Part of me wants to say fuck it and clear out a majority of my list. Tired of doing 100% of the work to keep a friendship going. I know I am not 100% innocent my self there have been long periods where I don't speak at times but I always try to do my best. Actions speak louder then words to me. Saying something is one thing. Doing it and showing it is what I guess id like.
FA+

-huggles-
cherish the ones closest to you and never let them go people come and go but the ones who stick by your side through thick and thin are the ones you need to realize are the only ones you need in life its nice to have others to chat to, but dont count on every passer by to lend you a hand so to speak. keep your heart and mind open always to let the new come in but make sure you remember the old friends <3
Yea that's very true. I guess for me right now I am trying so very hard to keep hanging onto my old friends cause they are literally like my rock but in recent times it seems hard to get a hold of most any one. And its not like I am coming to them to ask for anything. I literally just want to hang out and talk or game or what ever. Its nice to just have some company and chill with your good friends.

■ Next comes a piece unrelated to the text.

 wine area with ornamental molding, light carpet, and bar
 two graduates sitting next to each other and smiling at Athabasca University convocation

but on another note friends should never ask for more then friend ship we all reach out to our friends first for help and to help its mutualand always should be available to one another and tho sometimes things seem touch and go there always could be a silver lining in the end just have to talk it out and sort things diligently but not forcefully who knows could always just be a missunderstanding too ive had my fair share of those but i worked with the person and most of the time all was forgivin and forgotten n3n but nini i hope to talk to ya again soon!

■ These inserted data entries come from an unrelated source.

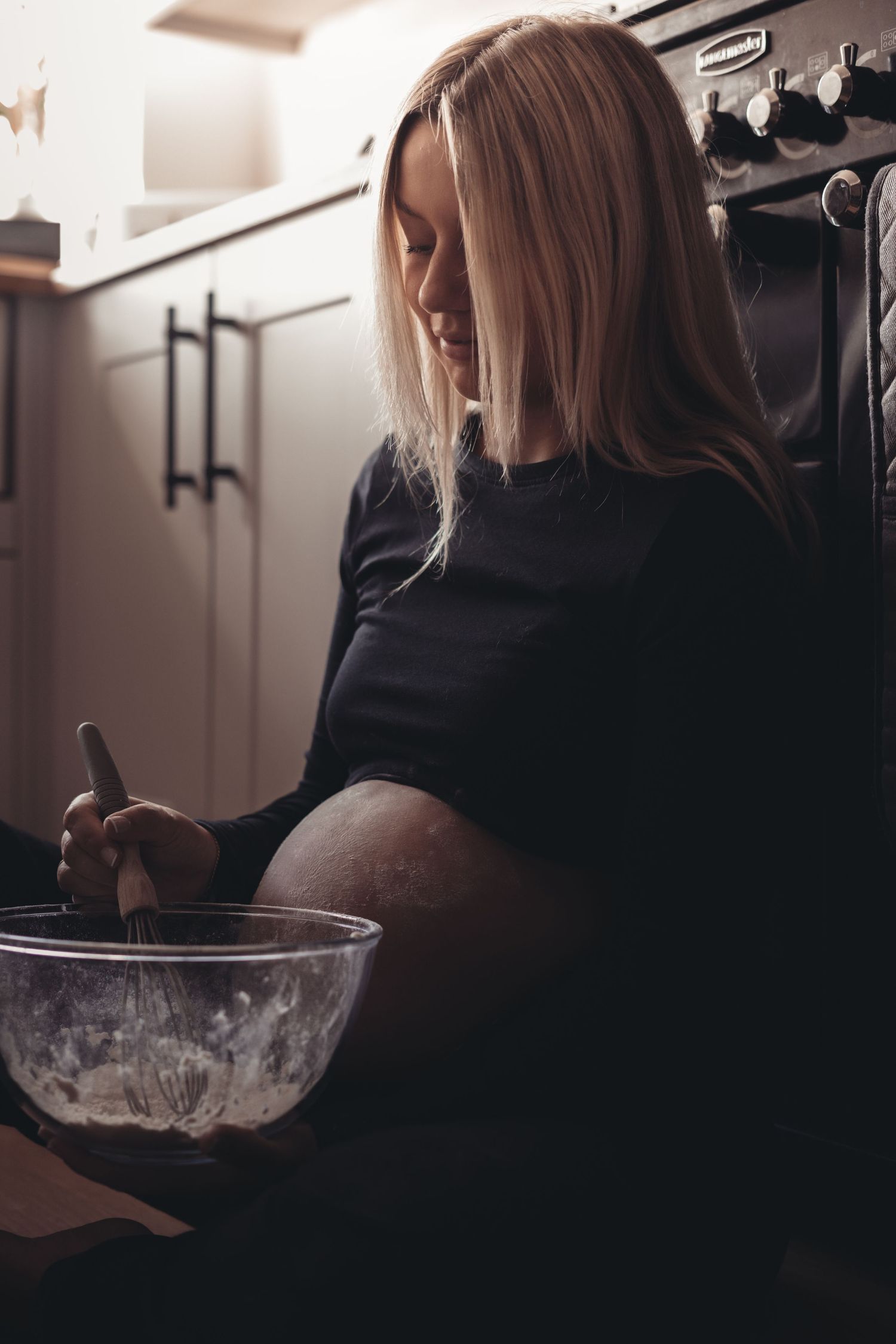 Pregnant woman in dark clothing mixing ingredients in bowl while sitting on kitchen floor.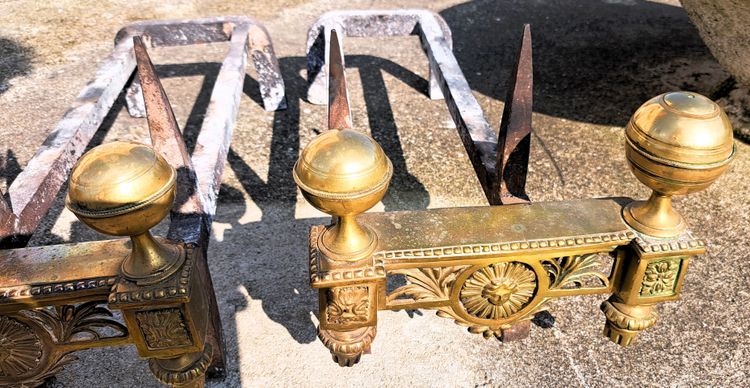 Pair of Louis XVI bronze and iron candlesticks, 19th century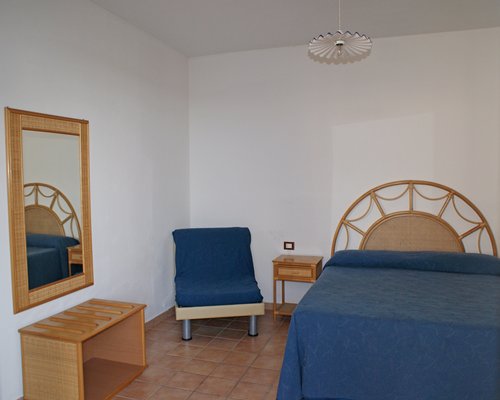A well furnished bedroom with a dresser.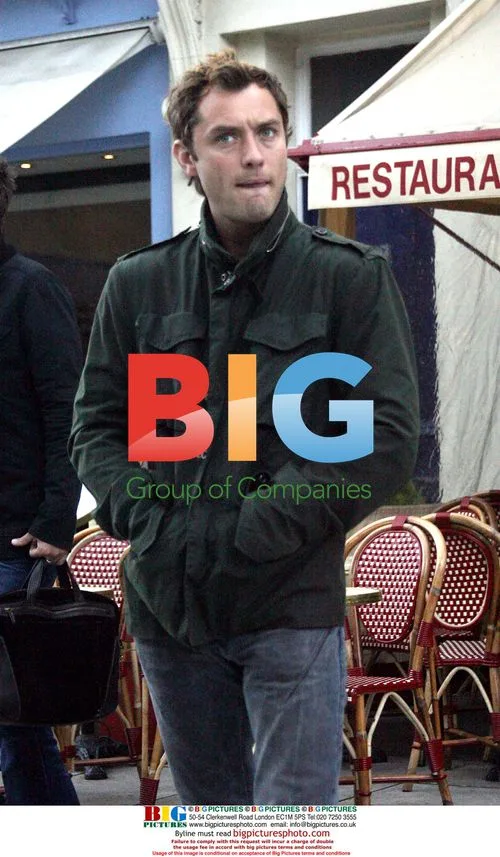 Jude Law Chats with Friends in London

I know people like that aswell.. Wont bother talking with you or ask to hangout unless there's anything they want, like a favor or something. They suck..

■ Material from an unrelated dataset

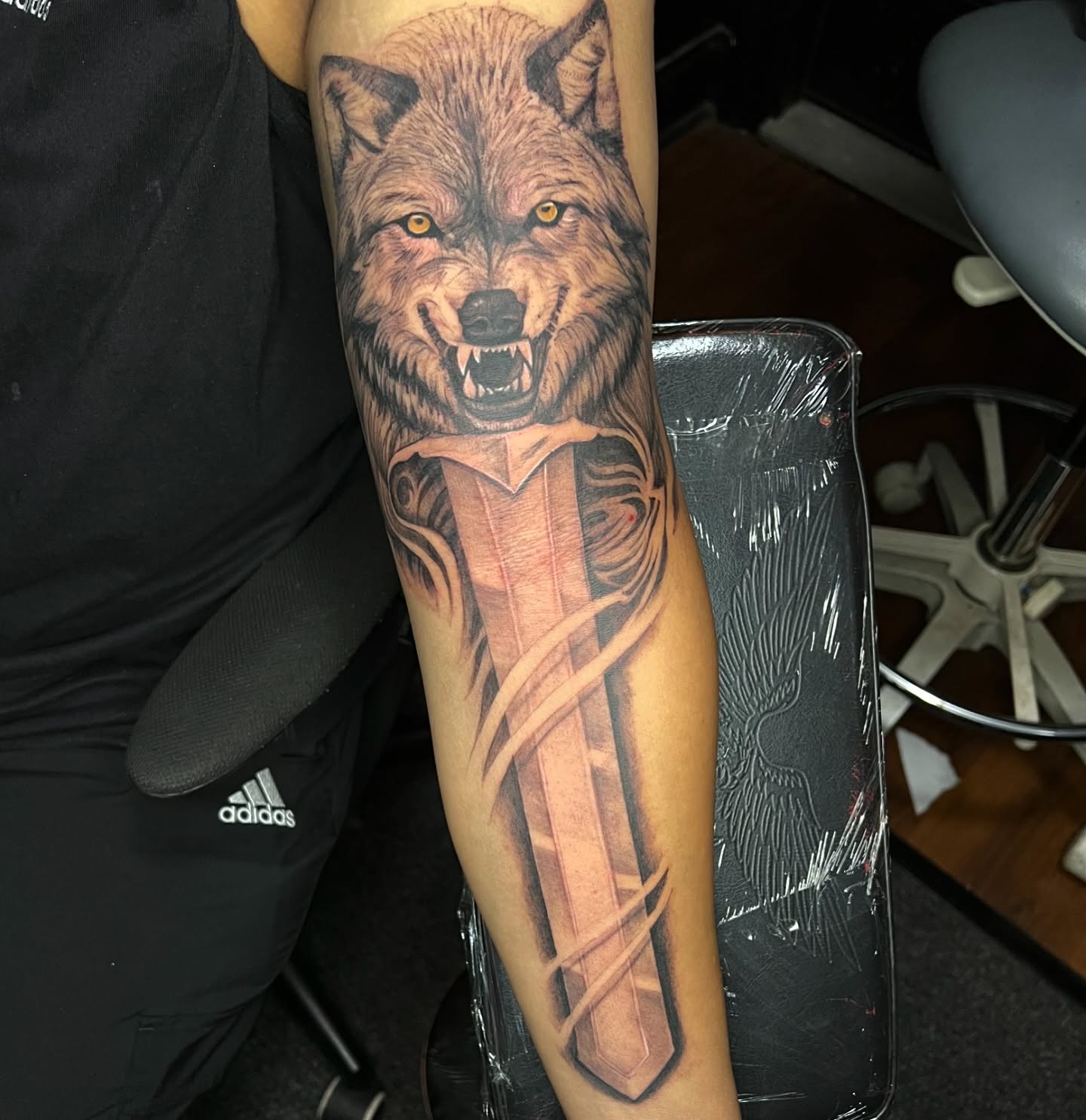 Wolf and sword realism tattoo on the forearm by JT Ink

I've been in exactly the same sitiuation, and I just completly stopped talking to em, I'm not wasting my energy into trying to keep communicating with them when they wont bother communicating with me back. Its really tough though..I still miss them, I miss them a lot and I do want to speak with them but I just wont.. Then they will have to contact me first..
I just always feel like I'm bothering people. I mean, why would anyone want to talk to me, ya know? :/
And so even people I really like and would love nothing more than to to talk to I don't and I'm sure some of them end up thinking I don't care when it's not the case at all.
But yea you are really sweet man *hugs*
I just try to warn people that I might not make first contact but it's not cos I don't wanna chat.
But I try to keep my contacts small, I'd rather have 10 great friends than 100 I barely talk to.
Like Facebook, oh we met once in the corridor, BESTIES! Piss off ¬_¬
Name: Lupeyroo (it might come up with my old ones so choose the one which is just lupeyroo)
I do consider you to be the top grade of my friends which is why I was fairly upset last night, I don't really ask people to do stuff with me in advance cause most of the time they forget or don't show. This has been a constant issue ever since I was like in the 3rd grade.. Thus why I don't really expect my friends to be there, but that still doesn't help the fact that when they don't show I can't help but to think less of them. So really I should just stop telling people of plans ahead of time and if their around, their around.. if they are not and miss out on an opportunity to do stuff with me.. I guess that's whatever then.
I hope I didn't ruin your night too badly, I ended up passing out around 4 AM cause didn't want to get off the bed. x3 thankfully didn't wake up hungover. I still care a lot about you pup, ever if it doesn't seem like it, I'm like sandpaper as you know, rough outside with a smooth interior.